• What is required: Exactly as written, return all the data, leaving its pictures behind.

________

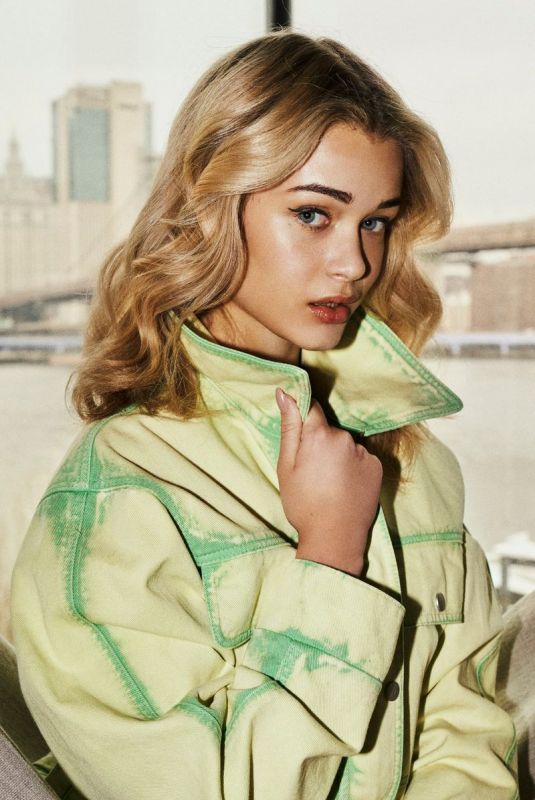 CAROLINIA V. MARIE for Grazia Magazine, Italy June 2021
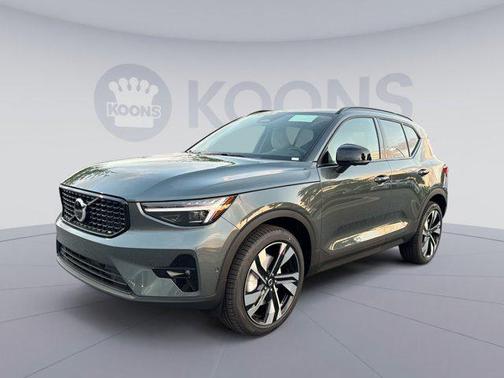 Forest Lake 2026 Volvo XC40 Plus, B5 AWD Gas (mild hybrid), Dark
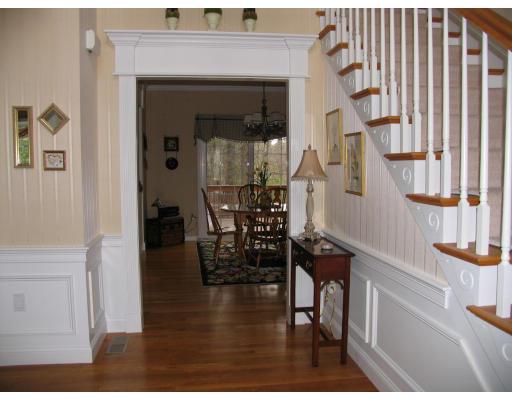 26 Huckleberry Road Hopkinton, MA 01748 - Photo 2 of 30 Gallery Image 2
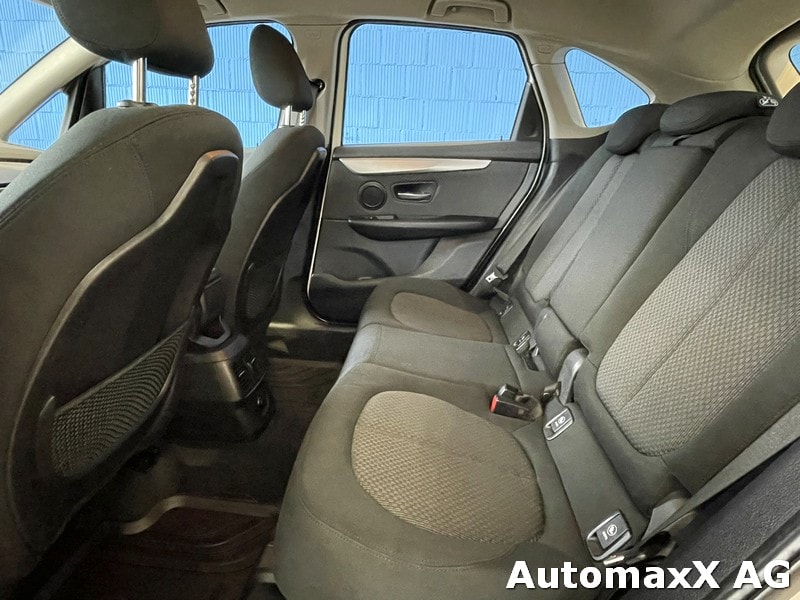 BMW 218i Active Tourer-image-11
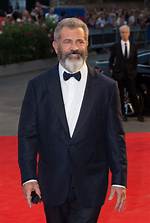 Unveiling Mel Gibson's Height: Surprising Insights Revealed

________

• Exercise answer:
 CAROLINIA V. MARIE for Grazia Magazine, Italy June 2021
 Forest Lake 2026 Volvo XC40 Plus, B5 AWD Gas (mild hybrid), Dark
 26 Huckleberry Road Hopkinton, MA 01748 - Photo 2 of 30 Gallery Image 2
 BMW 218i Active Tourer-image-11
 Unveiling Mel Gibson's Height: Surprising Insights Revealed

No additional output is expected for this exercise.